Norum Former:改进变形器 (NormFormer: Improved Transformer Pretraining with Extra Normalization) - 专知论文

会员服务 ·

0

Perplexity · Performer · 层 · 规范化的 · 掩码语言模型化 ·

2021 年 10 月 18 日

NormFormer: Improved Transformer Pretraining with Extra Normalization

翻译：Norum Former:改进变形器

Sam Shleifer,Jason Weston,Myle Ott

During pretraining, the Pre-LayerNorm transformer suffers from a gradient magnitude mismatch: gradients at early layers are much larger than at later layers. These issues can be alleviated by our proposed NormFormer architecture, which adds three normalization operations to each layer: a Layer Norm after self attention, head-wise scaling of self-attention outputs, and a Layer Norm after the first fully connected layer.

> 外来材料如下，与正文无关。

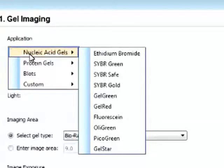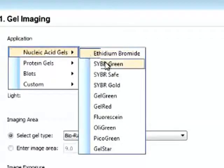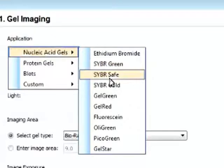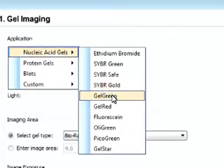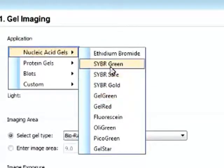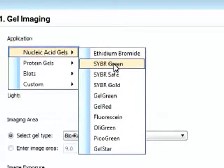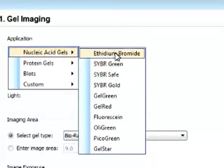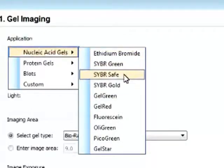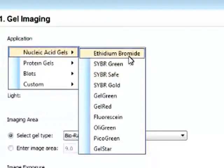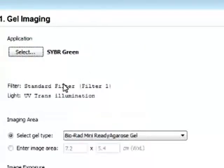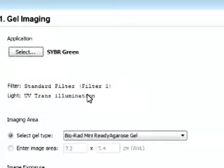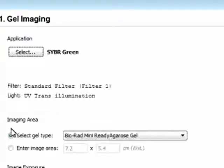So you can see that in the nucleic acid gels, we have all these dyes that are preset into the protocol. And we can select the dye we basically stained our gel with, from ethidium bromide, SYBR Green, or SYBR Safe. Say we want to look at SYBR Green. And now you can see that the filter is selected as filter one and the light source is selected as UV transillumination. And this is all automatic.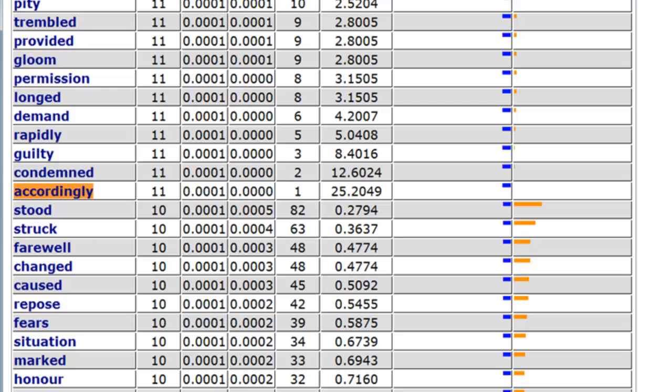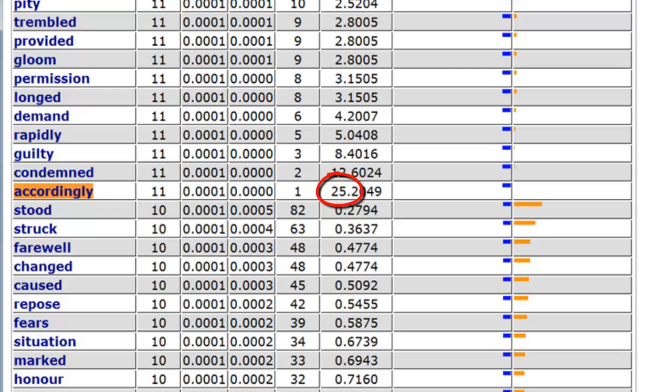As another example, 'accordingly' appears roughly 25 times more frequently in Frankenstein than in The Last Man. I'd speculate that Victor Frankenstein, being a very rational, logical fellow who thinks in terms of cause and effect, accounts for the preponderance of words like 'accordingly' in that novel. The tool also tells us which words appear only in Frankenstein and which appear only in The Last Man.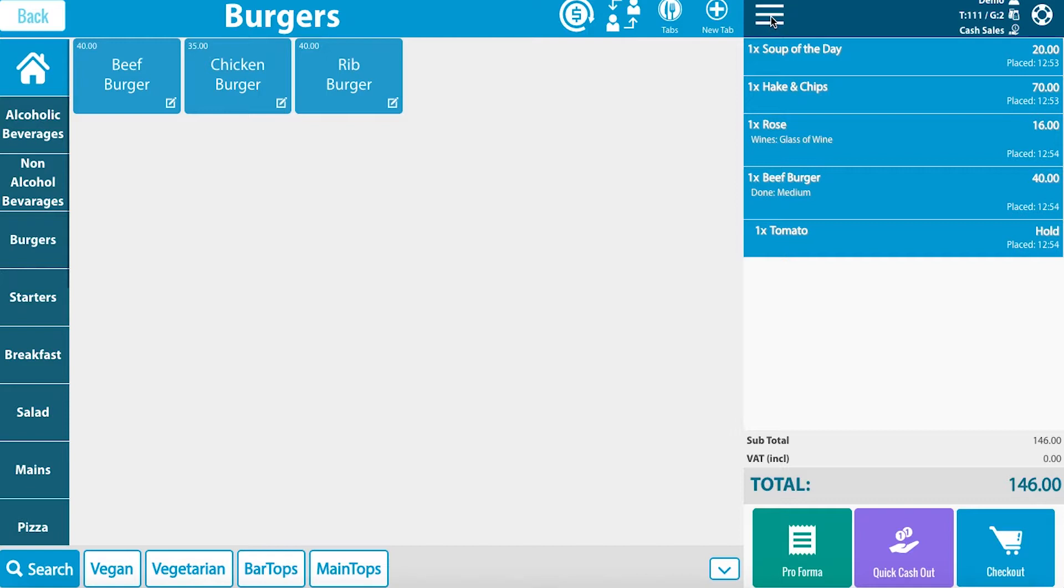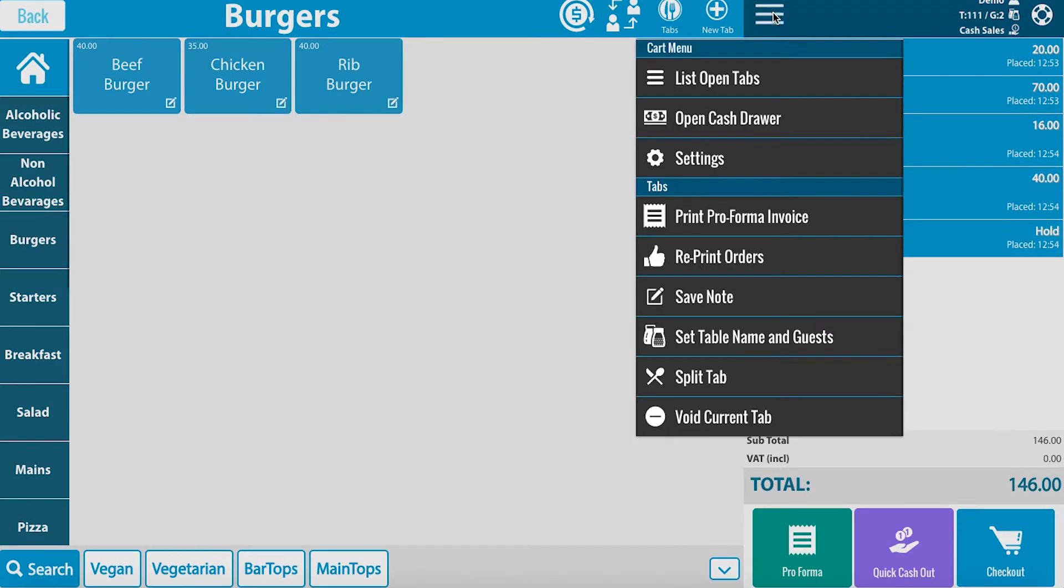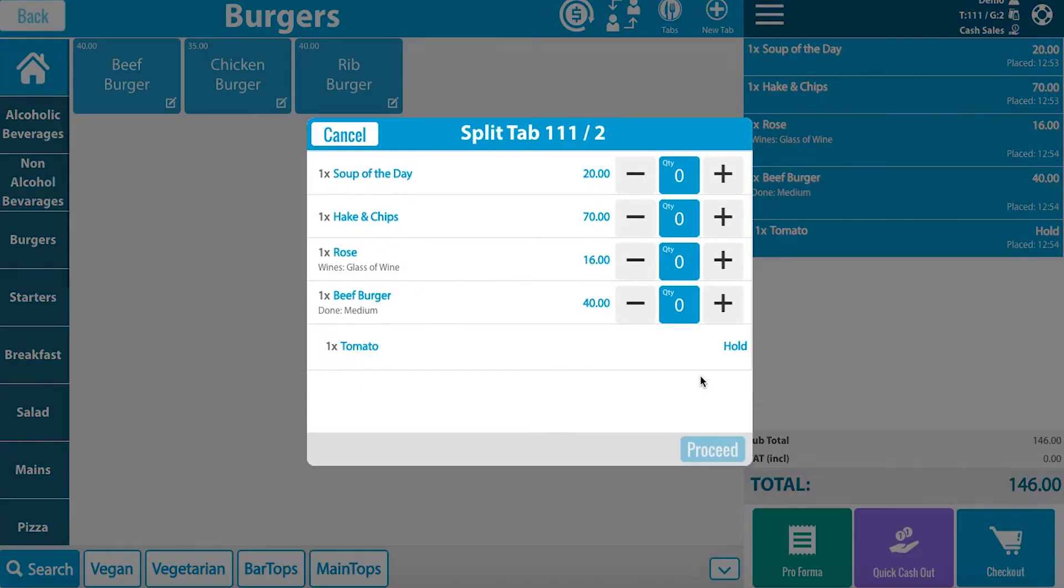If you click on the settings, you will see there is an opportunity to split tab. Select split tab.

The extra operations incur negligible compute cost (+0.4% parameter increase), but improve pretraining perplexity and downstream task performance for both causal and masked language models ranging from 125 Million to 2.7 Billion parameters. For example, adding NormFormer on top of our strongest 1.3B parameter baseline can reach equal perplexity 24% faster, or converge 0.27 perplexity better in the same compute budget. This model reaches GPT3-Large (1.3B) zero shot performance 60% faster. For masked language modeling, NormFormer improves fine-tuned GLUE performance by 1.9% on average. Code to train NormFormer models is available in fairseq https://github.com/pytorch/fairseq/tree/main/examples/normformer .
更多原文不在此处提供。